**Problem details**
Each line of the material must be repeated precisely, with the pictures left out.

**Data block**
◇ ◇ ◇ ◇

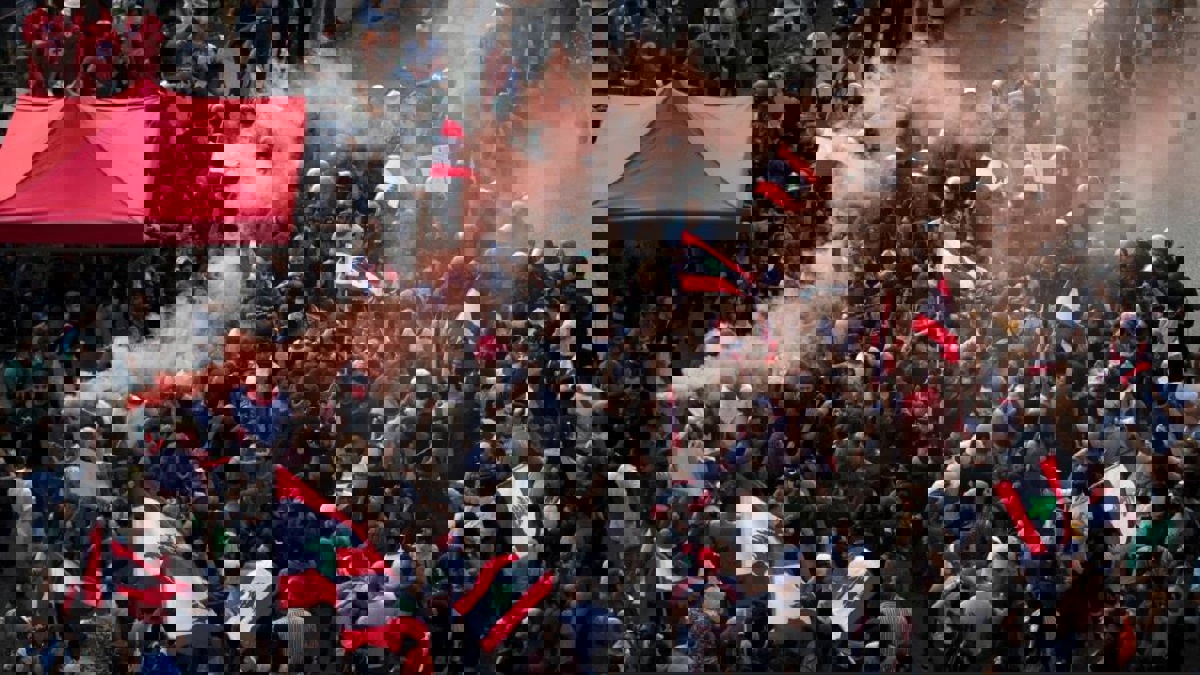 الأمن اللبناني يغلق طرقًا مؤدية لساحات التظاهر في بيروت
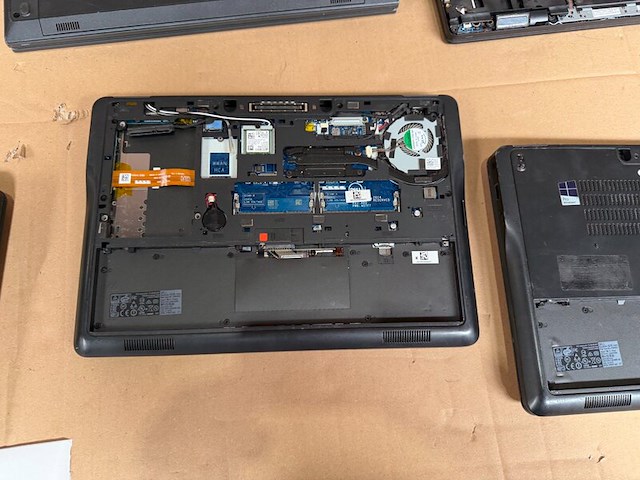 Ca. 20x laptop, dell - afbeelding 2 van  21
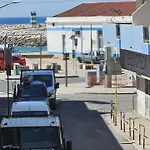 Romeu לינה וארוחת בוקר 3*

◇ ◇ ◇ ◇

**Response to this exercise**
 الأمن اللبناني يغلق طرقًا مؤدية لساحات التظاهر في بيروت
 Ca. 20x laptop, dell - afbeelding 2 van  21
 Romeu לינה וארוחת בוקר 3*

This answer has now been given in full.